Hunt achieved his stunning success on the global stage with a minimum of fuss and fanfare, proving a contrast to many higher profile superstars of other sports at the time.
He was relatively quiet and mild-mannered on the squash court, preferring to let his racquet to do most of the talking.
But he was intensely driven and unwilling to show any form of weakness.
Hunt’s racquet worked the sort of magic that ensured his dominance in almost every event he entered, while in the process helping to promote squash into the mainstream during the golden era of the sport during the 1970s and ‘80s.
He was introduced to squash from his father Vic, and mother, Connie, who loved fitness and took on the sport to boost their physical activities.
His siblings Bill and Patricia also became elite players.
Hunt was 12 when he took the game on with relish and by the time he was 15 he had won the Victorian Junior Championships.
He would say later: “I decided to try it for myself; I played tennis before that. For two years, I did not miss a day playing squash, including Christmas Day.”
His father encouraged him in a number of different ways, including to never show signs of tiredness to an opponent, and to train throughout the year – not just in the winter months.

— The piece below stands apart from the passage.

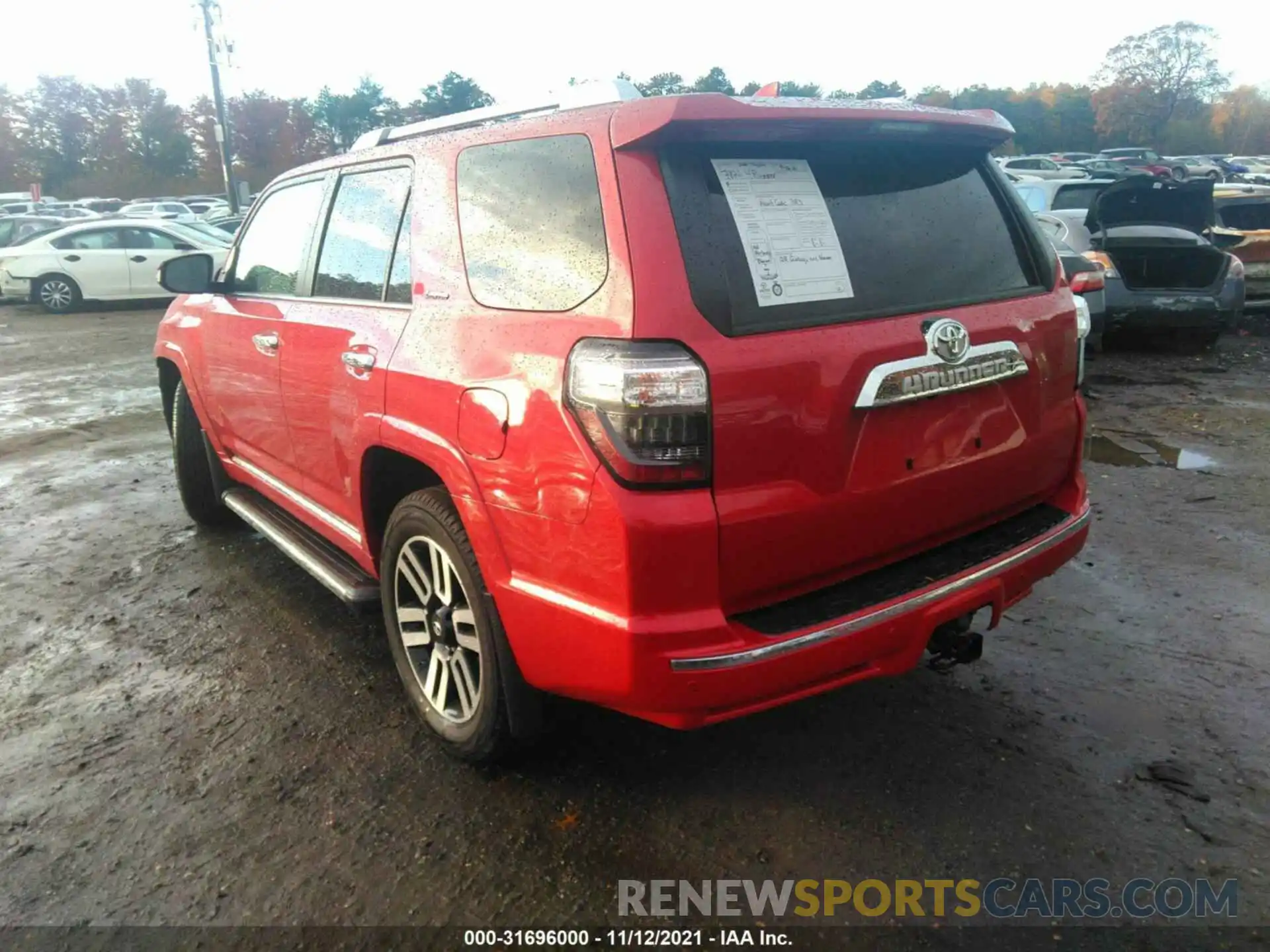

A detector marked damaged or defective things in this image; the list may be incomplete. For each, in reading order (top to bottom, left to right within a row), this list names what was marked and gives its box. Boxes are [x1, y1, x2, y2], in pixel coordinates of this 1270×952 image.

damaged suv [153, 85, 1090, 762]
damaged suv [1032, 177, 1249, 346]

Even in his junior years, Hunt had been used to competing against men on his way to the 1965 Australian Amateur Men’s Championship.

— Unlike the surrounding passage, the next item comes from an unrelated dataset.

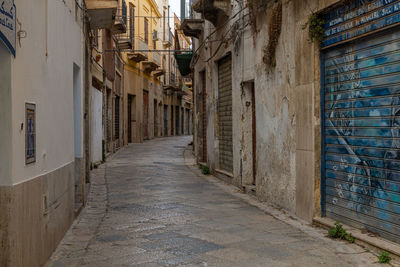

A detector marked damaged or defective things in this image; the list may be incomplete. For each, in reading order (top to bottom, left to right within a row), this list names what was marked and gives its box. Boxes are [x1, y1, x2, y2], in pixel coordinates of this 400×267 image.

rusty metal shutter [322, 29, 400, 243]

He went on to win three World Amateur Championships (1967, 1969 and 1971) before turning professional at 24. Hunt, at the same time, would also win the first three International Amateur Teams Championships with teammates Dick Carter, Ken Hiscoe and Cam Nancarrow.
But not even that changed Hunt’s sense of composure under pressure or sense of fair play.
Hunt would explain: “Wins should be achieved by playing fair and square. Even though I would try as hard as possible every match, and despite what my opponent might do, it was against my principles to cheat by doing things like picking up double bounces or playing on after hitting the ball twice. Squash, to me, is a game of integrity and self-respect.”
Hunt dominated the sport at home and abroad.
On the home front, he won eight Australian Open titles; and on the world stage he won eight British Open championships (1969, 1974, 1976-81).
Hunt won the inaugural World Open in 1976, the first of four victories in the event which included 1977, 1979 and 1980, the 1978 competition didn’t run.
He was ranked the world’s No.1 player from 1975 to 1980, winning 178 of the 215 tournaments he contested throughout his extraordinary career.
After winning his penultimate British Open in 1980, Hunt was described as “the world’s greatest-ever squash player by the British Squash Player, one of the leading squash magazines.
The following year he won an eighth British Open title against the sport’s rising young talent Jahangir Khan in an epic 1981 final that lasted two-and-a-quarter hours.
Hunt’s father described that match as one of the proudest moments in watching his son, saying: “I know plenty of fellows who would have packed up well before it had gone that far.”
Hunt was battling a serious back injury and other ailments at the time, but fought on bravely against the Pakistani teenager who was half his age.
Khan would defeat him in the 1981 World Open on his way to becoming a record-breaking superstar of the sport.
A stress fracture of the lower vertebrae and osteoarthritis finally did what so many of Hunt’s contemporaries couldn’t do – stop him from winning as he was reluctantly forced into retirement in 1982.
He told the media: “I would have liked to have gone on … I was only taking each year as it came along, but I had a more than even chance of taking major titles such as the British and World Open titles this year.
“Jahangir Khan, I think, was the only player who really posed a threat to me and I felt I had a 50-50 chance of beating him too. But the signs are there that Khan will dominate the scene.”
Hunt retired from competitive squash (other than a few wildcard returns), but not from the sport itself.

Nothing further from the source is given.